Movement patterns and muscle imbalances

Understanding movement at the shoulder identifying both how it should be and what the faulty movement patterns present in each individual case is the key to successfully treating an impingement syndrome. There is a specific sequence of movement that should occur at the arm and shoulder as the arm is lifted out to the side (abducted). If this pattern is incorrect, impingement may occur.

Shoulder abduction is a complex movement that involves a partnership between the scapula, clavical and humerus, as well as several muscles including the four rotator cuff muscles, trapezius, serratus anterior and deltoid. Changes in the muscle balances around the shoulder affect the movement of the bones in question.

Here are the most frequent muscle imbalances and resultant movement dysfunctions seen in those with subacromial impingement, in order of occurrence from 0 degrees abduction upward.

In the early phases of abduction, a slight upward motion of the humeral head is normal but should be limited by the rotator cuff, acting to draw the head downwards against the pull of the deltoid. Decreased EMG activity of infraspinatus and subscapularis has been seen during 30-60 degrees of abduction in those with subacromial impingement.

Weakness or inhibition in these muscles allows the humeral head to lift upwards, toward the coracoacromial arch, thus reducing the subacromial space. Further translation of the humeral head, this time in a supero-anterior direction can be caused by tightness in the posterior capsule.

The further the arm moves into abduction, the closer the greater tuberosity of the humerus moves towards the coracoacromial arch. In order to prevent the two colliding, the humerus is laterally rotated. A lack of lateral rotation range of motion usually in the form of tight medial rotators (latissimus dorsi, subscapularis) can reduce the ability of the arm to do this. A healthy range of motion into lateral rotation is 90 degrees.

In another bid to avoid contact between the greater tuberosity and coracoacromial arch, the serratus anterior and upper and lower fibers of trapezius work together to upwardly rotate the scapula. Delayed onset of contraction and reduced total EMG in these muscles has been shown in people with rototar cuff tendinopathy as a result of subacromial impingement. As well as the reduced performance of the upward rotators, increased tone in the opposing downward rotators (levator scapulae, pec minor and the rhomboids) could limit this movement.

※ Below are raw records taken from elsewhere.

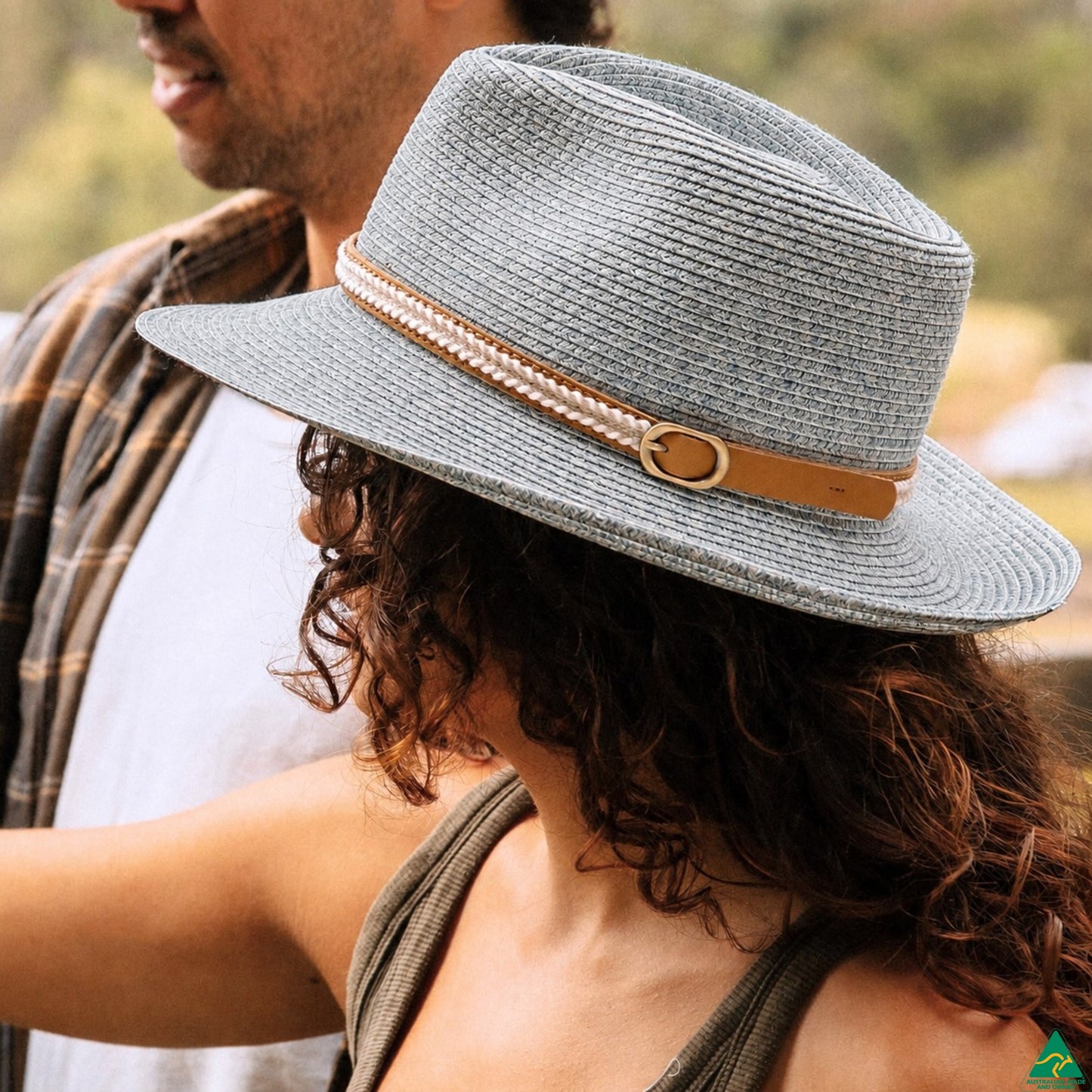 A woman wearing a light gray woven sun hat with a tan leather band and pearl-like trim, photographed outdoors with a man partially visible in the background.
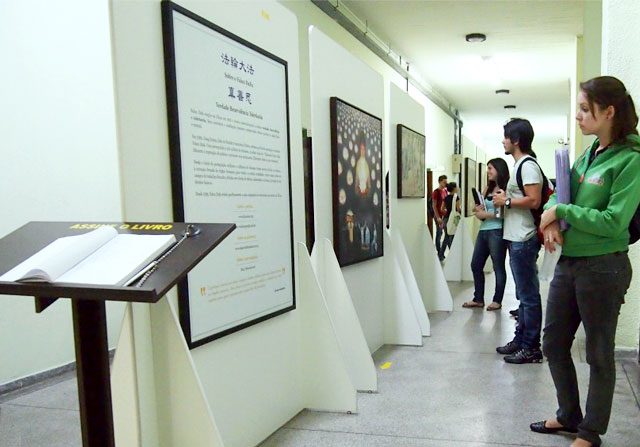 Visitantes observam os quadros na Exibição Internacional de Arte Verdade-Benevolência-Tolerância na USF, nesta segunda-feira, 1º de outubro (Ticiane Rossi / The Epoch Times)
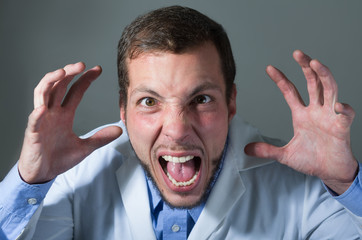 Closeup portrait of handsome young doctor screaming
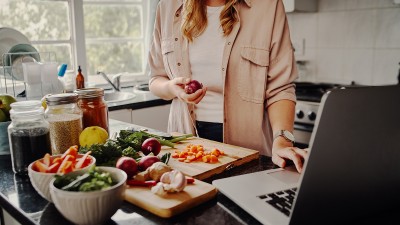 Eine junge Frau steht in der Küche vor dem Laptop und kocht mit Gemüse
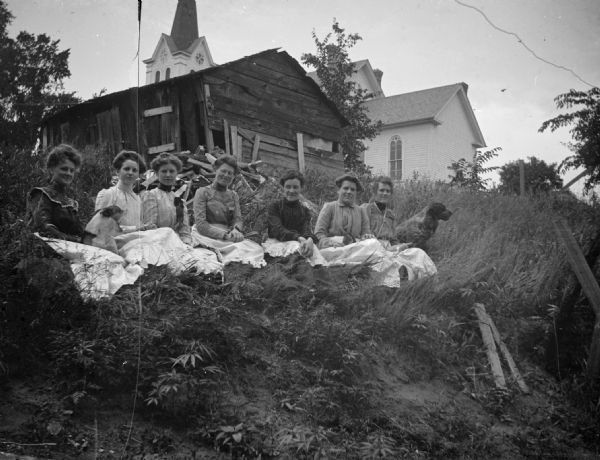 A group of seven women with two dogs sit in the grass behind the Lutheran Church.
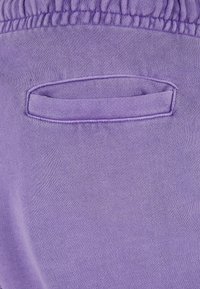 Karl Kani Jogginghose - lila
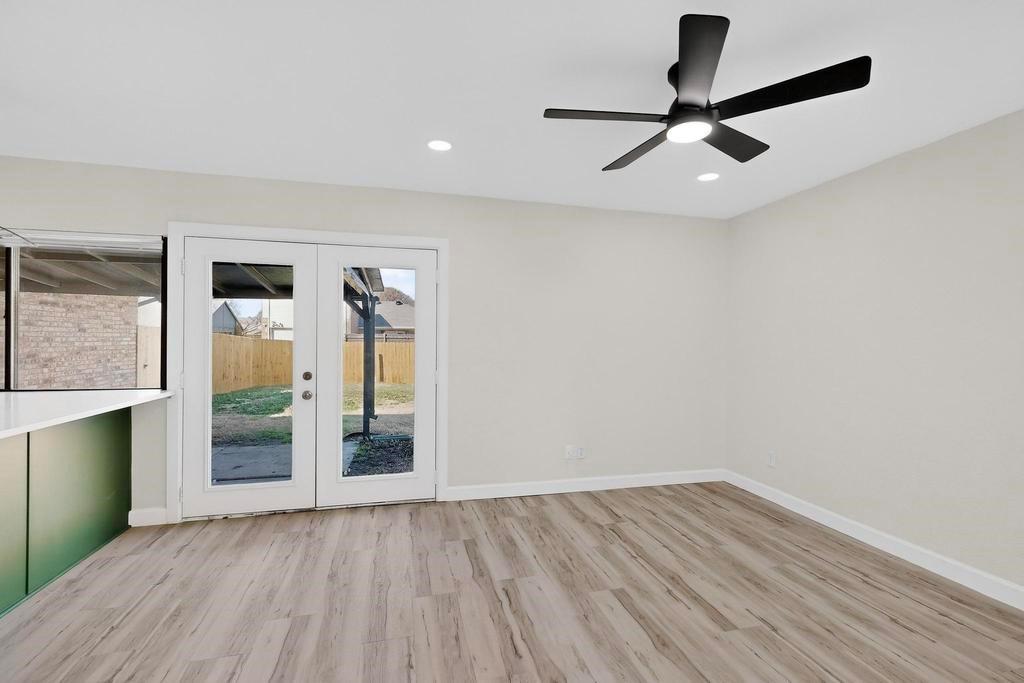 8505 Woodside Road Rowlett, TX 75088 - Photo 19 of 40 wooden floor in an empty room with a window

The final part of abduction requires the scapula to move laterally around the ribcage. A large thoracic kyphosis limits this movement as the rib cage cannot flatten sufficiently to allow this motion. Instead, the arm draws forwards into flexion, rather than pure abduction.

Putting it all together

While this is by no means an exhaustive list of problems that may contribute towards an impingement syndrome, it does cover the most frequently occurring situations.

When observing a patient with suspected (or confirmed) impingement, pay particular attention to the strength of the rotator cuff muscles, serratus anterior and lower fibers of trapezius. This can be achieved with manual muscle testing (if more accurate testing is not available), and of course observation of muscle tone, wasting and contraction onset.

Also pay close attention to ensure the flexibility of the posterior capsule, medial rotators, pec minor, rhomboids and levator scapulae are enough to allow sufficient GH lateral rotation and upward rotation of the scapula.

A combination of exercise rehabilitation to target muscle imbalances, along with soft-tissue work to tight structures and a suitable rest period will in most cases bring good results. If a thoracic kyphosis is present, depending on the extent, manipulations may be required alongside a suitable exercise program.